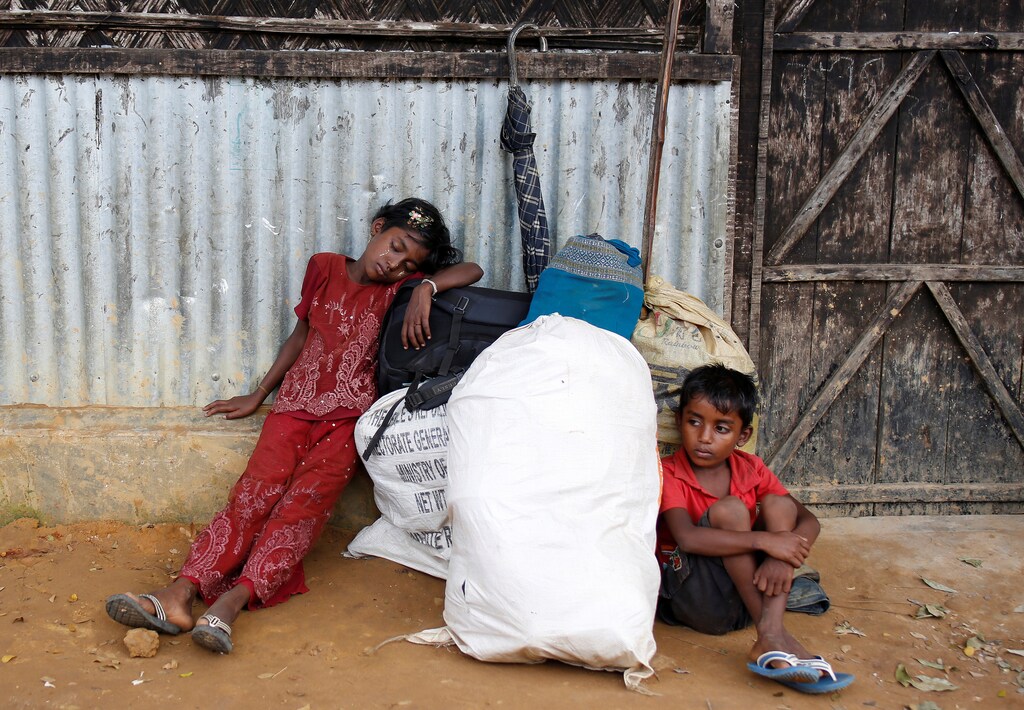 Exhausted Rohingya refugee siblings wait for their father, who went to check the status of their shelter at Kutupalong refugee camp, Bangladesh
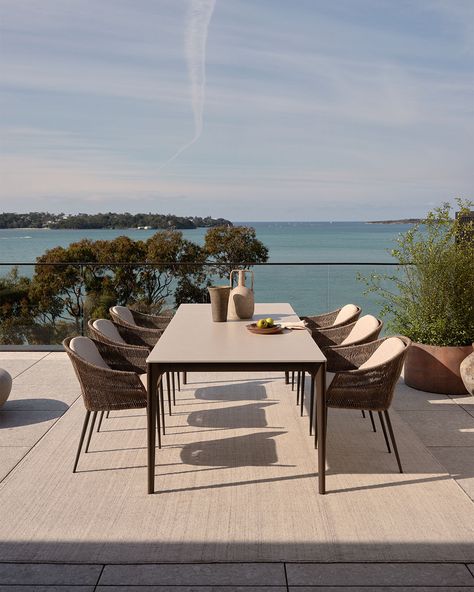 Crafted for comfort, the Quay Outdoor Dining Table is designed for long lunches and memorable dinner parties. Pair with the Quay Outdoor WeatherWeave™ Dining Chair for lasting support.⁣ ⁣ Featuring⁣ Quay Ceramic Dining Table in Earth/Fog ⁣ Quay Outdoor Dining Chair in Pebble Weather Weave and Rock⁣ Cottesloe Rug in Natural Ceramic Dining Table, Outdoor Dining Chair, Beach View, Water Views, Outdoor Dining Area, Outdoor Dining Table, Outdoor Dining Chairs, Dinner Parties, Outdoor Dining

...

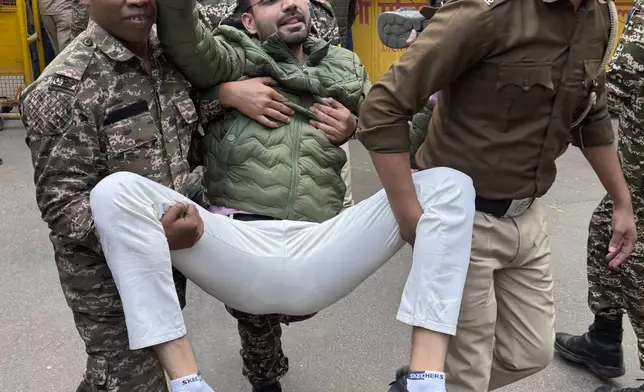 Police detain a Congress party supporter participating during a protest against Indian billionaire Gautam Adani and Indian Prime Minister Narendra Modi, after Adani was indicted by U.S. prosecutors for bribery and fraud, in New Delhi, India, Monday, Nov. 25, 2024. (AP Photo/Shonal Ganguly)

- **Your instructions**
Starting with the line above that holds "Exhausted Rohingya refugee", restate each line word for word up to and including the line that holds "Crafted for comfort, the". Drop the pictures.

- **Solution to the exercise**
 Exhausted Rohingya refugee siblings wait for their father, who went to check the status of their shelter at Kutupalong refugee camp, Bangladesh
 Crafted for comfort, the Quay Outdoor Dining Table is designed for long lunches and memorable dinner parties. Pair with the Quay Outdoor WeatherWeave™ Dining Chair for lasting support.⁣ ⁣ Featuring⁣ Quay Ceramic Dining Table in Earth/Fog ⁣ Quay Outdoor Dining Chair in Pebble Weather Weave and Rock⁣ Cottesloe Rug in Natural Ceramic Dining Table, Outdoor Dining Chair, Beach View, Water Views, Outdoor Dining Area, Outdoor Dining Table, Outdoor Dining Chairs, Dinner Parties, Outdoor Dining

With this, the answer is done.